List<Card> largestSequence = cards.stream()
            //.sorted((card1, card2) -> card1.getNumber() - card2.getNumber())
            .collect(
                    (Supplier<List<List<Card>>>) ArrayList::new,
                    (sequences, currentCard) -> {
                        if (sequences.size() == 0 || !isSequentialCards(getLast(getLast(sequences)), currentCard)) {
                            sequences.add(new ArrayList<>());
                        }
                        getLast(sequences).add(currentCard);
                    },
                    List::addAll)
            .stream()
            .sorted((sequence1, sequence2) -> sequence2.size() - sequence1.size())
            .findFirst()
            .get();

What are the steps :

  • find all sequences of consecutive numbers
  • order sequences from the biggest to the smallest
  • get the first sequence (the biggest)

How ?

  • sorted : which I commented because I don't know if you want the largest sequence in the list order, or as @cr0ss suggested. It basically sorts the list in ascending order, smallest number to the biggest.
  • collect : in which you can see the three "operations" that Collectors can provide (like Collectors.toList). It's where all the magic of finding a sequence of consecutive numbers happens. This implementation tries to collect a list of sequences (also a list) of consecutive numbers. :
    • supplier : initializes the container : a list of list of cards (a list of card sequences).
    • accumulator : what makes a number to be inserted in a sequence (described in the next part).
    • combiner : defines how to merge two list. Not used but needed, the basic addAll is enough.
  • sorted : orders the sequences from the biggest to the smallest
  • findFirst : takes the first, hence the biggest

I've found information on collectors in another answer. The rest is all from the java documentation.

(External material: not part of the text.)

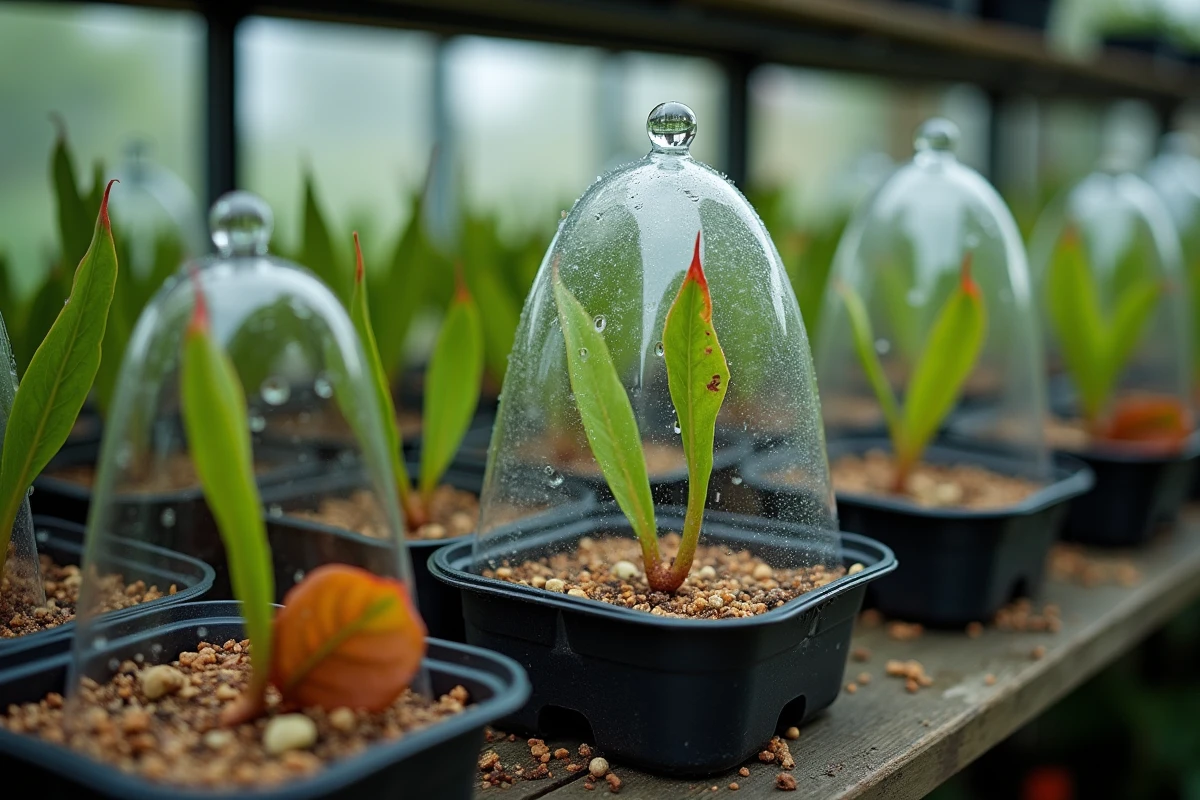 Boutures de photinia en bacs de multiplication sous châssis froid avec dôme humidificateur et contrastes entre boutures réussies et échouées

What makes a number being part of a sequence ?

Given a list 3, 4, 6 No sequences exists, create a new sequence.

[] -> [[]]

Insert 3 at the end of the last sequence.

[[]] -> [[3]]

At least one sequence exists and 4 is consecutive to 3, the last number of the last sequence. Insert 4 at the end of the last sequence.

[[3]] -> [[3, 4]]

A sequence exists, but 6 is not consecutive to 4, the last number of the last sequence. Create a new sequence.

[[3, 4]] -> [[3, 4], []]

Insert 6 at the end of the last sequence.

[[3, 4], []] -> [[3, 4], [6]]

Like @Manos said, streams are an odd choice to solve this problem. I think the problem is that it can be hard to maintain when you are not used to streams, lambda or collectors, especially with a one-liner like here (personal choice, I prefer my code to be maintainable by anyone).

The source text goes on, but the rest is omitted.